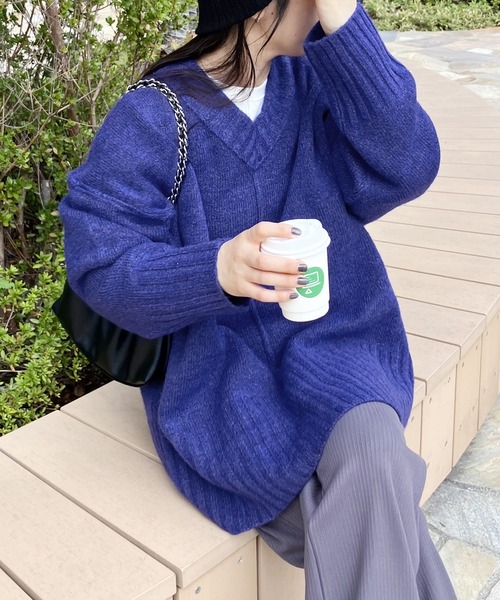 reca(レカ)の「Vネックオーバーサイズニット(ニット/セーター・レディース・チャコールグレー/ブルー/グレイッシュベージュ/オートミール/オレンジ・M)」の10枚目の写真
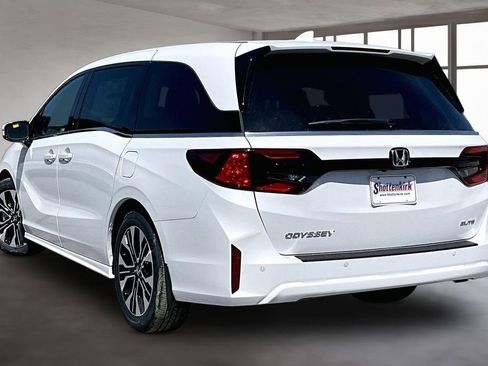New 2026 Honda Odyssey Elite image 3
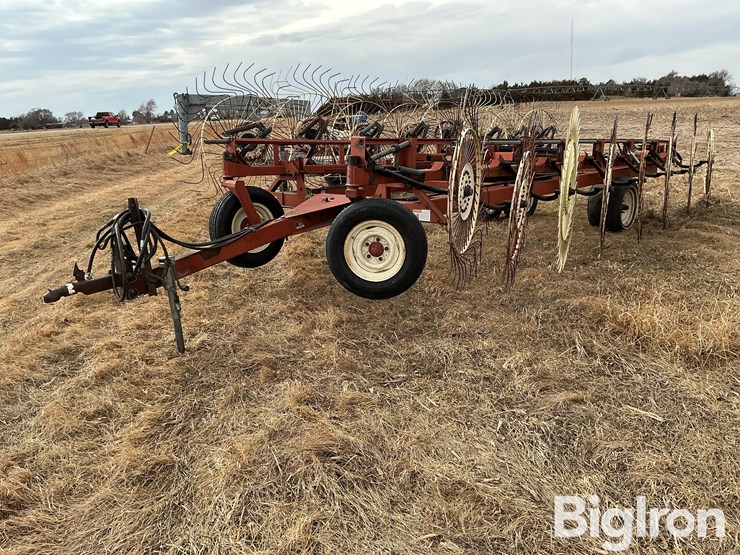 hesston-3991-image-1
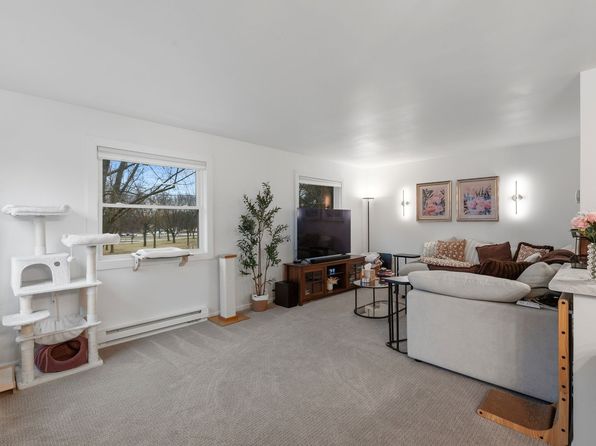 1931 S 124th St #1933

Task directions> Leaving out the pictures, output each line above exactly as it is.

Result>
 reca(レカ)の「Vネックオーバーサイズニット(ニット/セーター・レディース・チャコールグレー/ブルー/グレイッシュベージュ/オートミール/オレンジ・M)」の10枚目の写真
New 2026 Honda Odyssey Elite image 3
 hesston-3991-image-1
 1931 S 124th St #1933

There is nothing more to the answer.